Pond Hollow Chesapeakes
Choosing A Breeder
Perhaps one of the most important elements in buying a puppy of any breed is selecting the right breeder. It is the breeder that you will have to trust to have done the "homework" in making the mating, doing the health clearances, providing a guarantee and matching your needs with the right puppy from the litter.
LOCATING While the Internet and email are good ways to locate breeders, contact purely through the Internet is not advisable. In this age of the Internet and web sites, it is often hard to separate fact from "fiction" when looking for a puppy. Email and web sites have made it very easy for people to represent themselves as something very different than what they actually are. Ideally, potential buyers should make the effort to go visit the home of the various breeders they may have contacted. Sometimes this isn't possible and in that case, a phone call would be the second choice. Watch out for breeders whose females lack titles. Many "hobby" breeders are too busy breeding their females to ever earn any title on them. Don't be afraid to ask questions !
FACILITIES At a home/kennel visit, first observe how the dogs are kept. Chesapeakes need and should have at minimum a kennel run that allows freedom to move at will. A number of "kennels" are actually dog cages in a garage or basement. This is not good for both the physical or mental development and health of the dog.

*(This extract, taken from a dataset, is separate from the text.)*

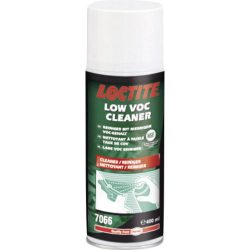 Loctite 7066 400ml aeroszol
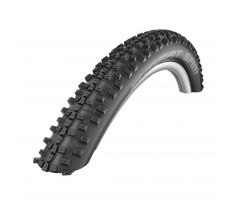 Plášť Schwalbe SMART SAM 27.5x2.25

Do the dogs have adequate shelter and access to water and does each dog has its own run or pen? Chesapeakes can be protective of their runs or crates. It is perfectly normal for the dogs to bark at you when you arrive. However, they should quiet down at the owner's command and the breeder should let the dogs out for you to meet. Chesapeakes of proper temperament should be able to be met outside of their runs.
THE BREEDER Do you feel comfortable with the breeder as a person? Do they answer your questions as fully as you would like? Ask: how long they have been involved with the breed; how many dogs have they personally titled (Unless you are working with the dogs routinely, you cannot know the dog's temperament and abilities to work and be trained); a good breeder should ask you why you choose the breed and this is the same question you should ask them. What made them choose a Chesapeake; do they offer a written guarantee; have they ever had any health problems with their dogs? The answer here should be yes as no one who has been breeding for awhile has not had some dogs that have developed hip, eye or some other health problem. If they tell you otherwise, look somewhere else. How often do they breed their females and to what age ? If every season and at 8 & 9, this is not a good practice. Find someone else.

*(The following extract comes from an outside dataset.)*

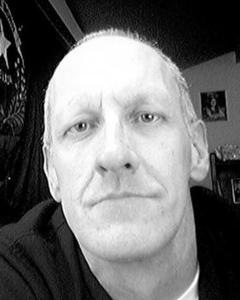 Man, 65. DAVERENO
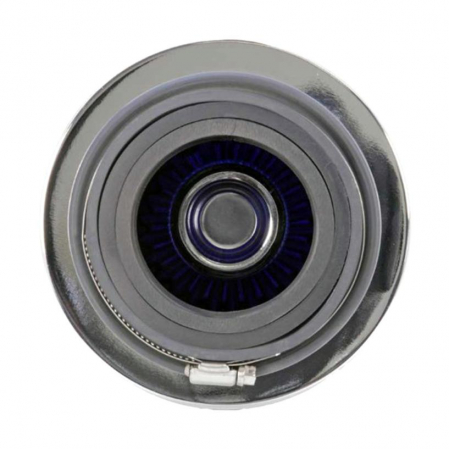 Filtru Aer Tuning Carbon Editie Sportiva, Debit de 76 mm [5]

PRICES The costs involved in health clearances, sending a female to a good stud dog, and raising the puppies are considerable. Current price range for a quality-raised puppy is $1100 to $1500. Some breeders will sell show prospects for higher prices than others in the litter. It is extremely RARE that an entire litter is show quality. Sometimes you will be told that the dogs come from a well-regarded line and are just the same as buying from the person who developed the line. Don't be misled. Every line of dogs no matter how good has individuals who should not be kept in a breeding program. The established and experienced breeder came to their reputations by eliminating those dogs that were not up to the goals- no matter if they were good looking, etc. The more novice breeder tends to be far less discriminating and accepts dogs that are average or less to retain for breeding.
Remember experience counts quite a lot when it comes to evaluating dogs, breeding stock and making breeding decisions!